“If I could change one thing about my husband, it would be how often he puts himself first.
If my husband could change one thing about me, it would be how often I don’t.
And, I’m going to assume many of you can relate.
A pretty regular point of contention in my household is that I complain, pretty often, that I don’t have enough time for me and the things that make me happy and that I don’t get enough help around the house.
My husband’s gripe, on the other hand, is that I never take or make the time for me and the things I need or enjoy, and that it’s entirely not fair for me to be peeved that he does.
As a mother of three, with undiagnosed but self-identified anxiety about pretty much anything under the sun, I find motherhood and marriage and tending to my job and passions to be really freakin’ hard work.
Add to that steady visits to the gym to keep my mom biscuit looking tight(ish) and I’m spent.
Don’t get me wrong – all I ever wanted since a very young age was to be someone’s wife and three little someone’s mommy.
But, now, I also want to write a book, maybe start meditating, grow my hair out, lose like 10 pounds, keep my marriage afloat, and raise good, kind mini-humans.
And, so, I’m finding it super challenging to balance my growth as a person while trying to grow with a person while trying to raise three people.
And, so, I complain.
Not because I’m ungrateful.
Not because I don’t realize what a true blessing it is to have a messy home, an extremely hardworking and supportive husband, and multiple exhausting love nuggets.

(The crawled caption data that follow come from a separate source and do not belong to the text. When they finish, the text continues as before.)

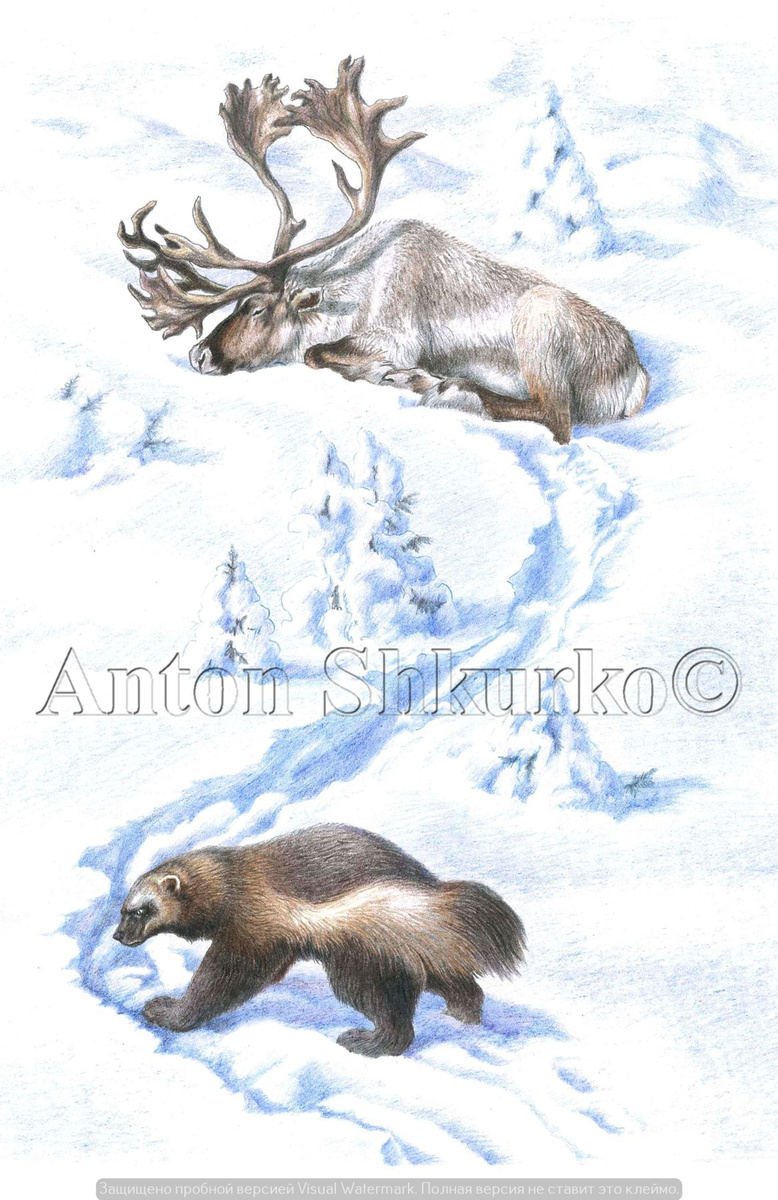 «До изнеможения». Цветной карандаш, бумага. Размер оригинала 300х400. 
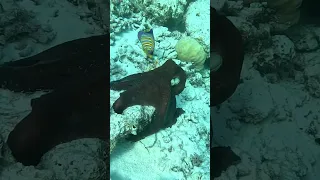 Octopus changes colour #octopus #oceanlife #marinelife #indianocean #shapeshifter #maldives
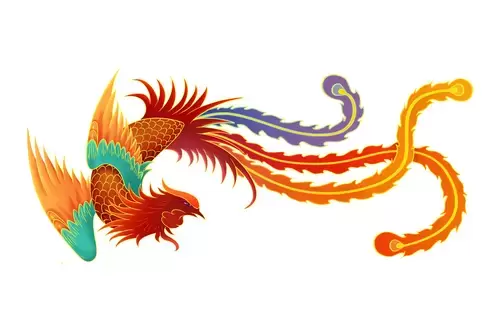 Chinese Phoenix Illustration Material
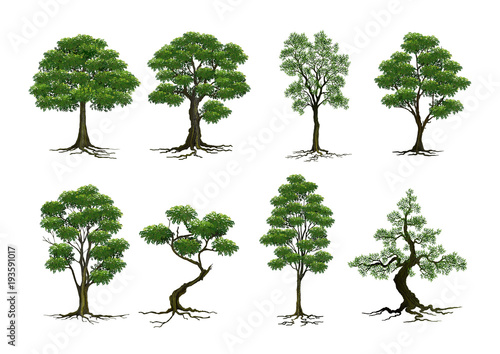 Beautiful tree on a white background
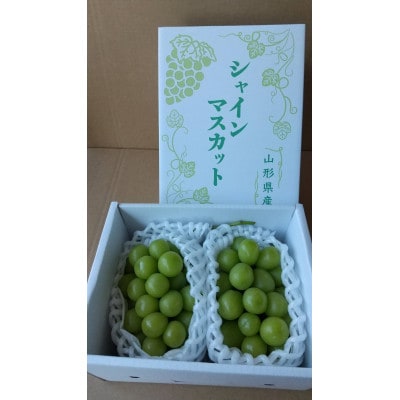 【令和7年産先行受付】山形県中山町産大粒シャインマスカット秀品　2房(約1.2kg～約1.3kg)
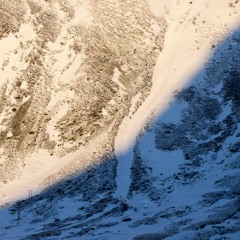 La Révolte Silencieuse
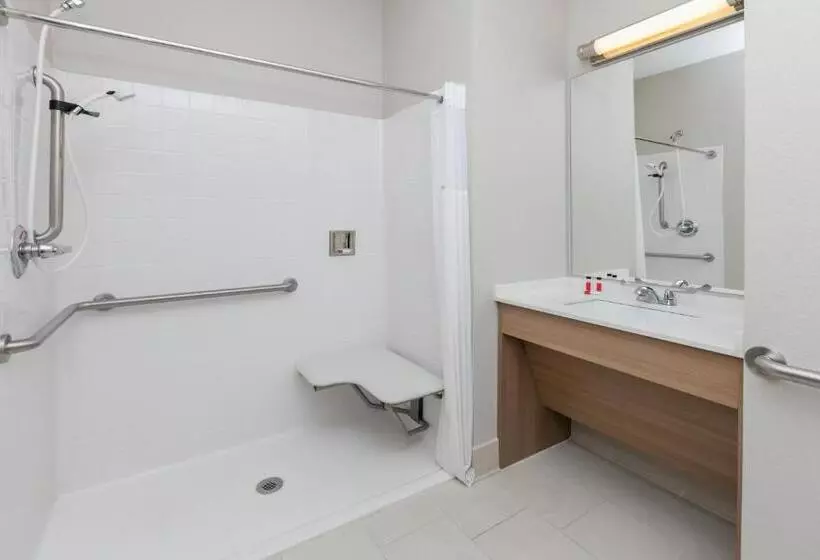 身障者適用スタンダードルーム, Microtel Inn And Suites By Wyndham Monahans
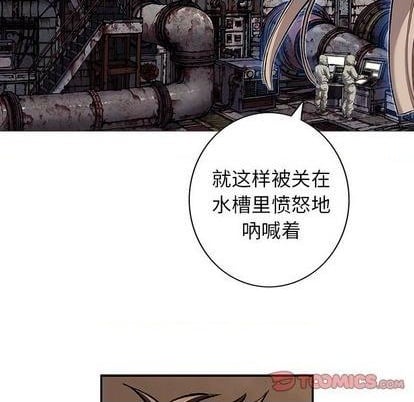 第 62 页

But, because I know just how important it is for my self-care that I don’t swallow every single one of my emotions and conversely, let them out whenever I need to.
They may be overdramatic.
They may be irrational.
They may waver from extreme to extreme.
They may ooze out of my being onto unsuspecting souls within the vicinity.

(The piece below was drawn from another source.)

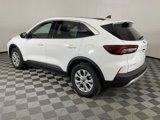 Used 2024 Ford Escape Active image 4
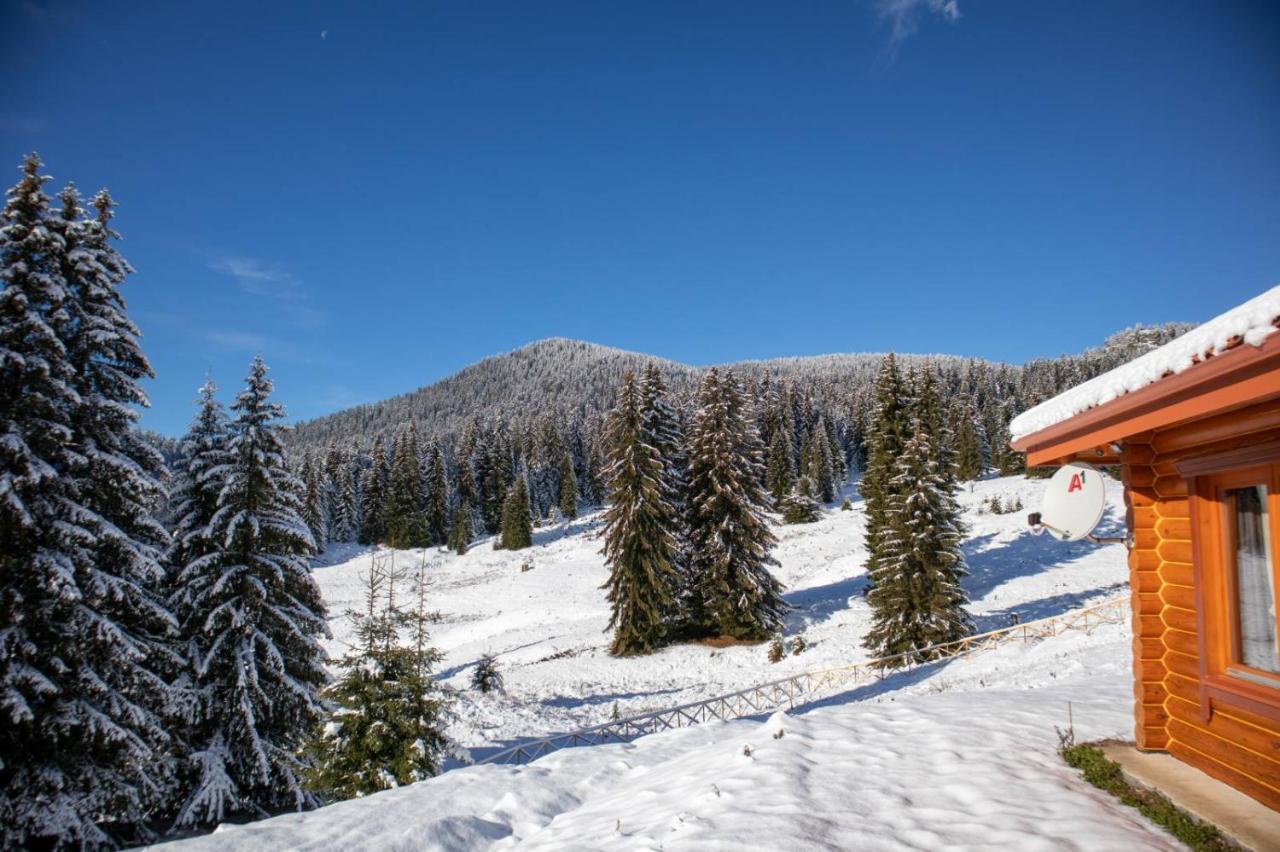 Вила Морава Pamporovo Exteriör bild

One poor soul is the hubs, and even though it’s not my intention, occasionally my griping can bleed onto his being, and remove him from his self-imposed carefree state as I drag him — unwillingly — to join me in grumbleland.
But, not anymore, ’cause I’m going to work on this.
I’m going to put myself first instead of last.
I’m going to value my needs even if that means I tend to others slightly less, or secondly.
I’ll probably keep complaining because let’s be honest, it would be impossible to stop fully, but I’m going to curtail it a bit and work my darndest to remember this:
That there is no greater adventure in life than experiencing moments next to the people you love experiencing moments of their own.
And, when that occurs, there is this whole, bigger, ridiculously fantastic adventure you take.
You grow, they grow, you grow together, and then before you know it, more defining moments appear on the horizon for all of you.
But, growth and adventure can’t and won’t happen if you don’t value you enough to tend and care for yourself in whatever form that looks like for you.
Earlier I said that if I could change one thing about my husband, it would be how often he puts himself first, but I change my mind.
I want him to keep taking care of himself because I need an example to follow, and there’s no one better.”